▶ _Problem details_
Lines to restate from the data below: from the one containing "Certified 2025 Hyundai Venue SEL image 2" to the one containing "Dusit Thani Laguna", both included. Give them again exactly, and only them.

▶ _Task material_
------------------------------------
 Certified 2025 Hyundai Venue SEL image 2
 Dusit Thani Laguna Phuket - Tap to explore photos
------------------------------------
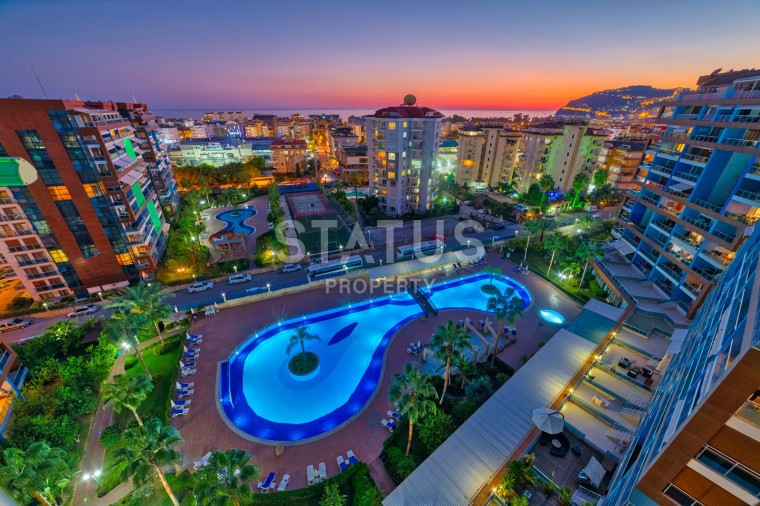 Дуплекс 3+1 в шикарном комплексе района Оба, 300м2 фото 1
------------------------------------
▶ _Exercise answer_
 Certified 2025 Hyundai Venue SEL image 2
 Dusit Thani Laguna Phuket - Tap to explore photos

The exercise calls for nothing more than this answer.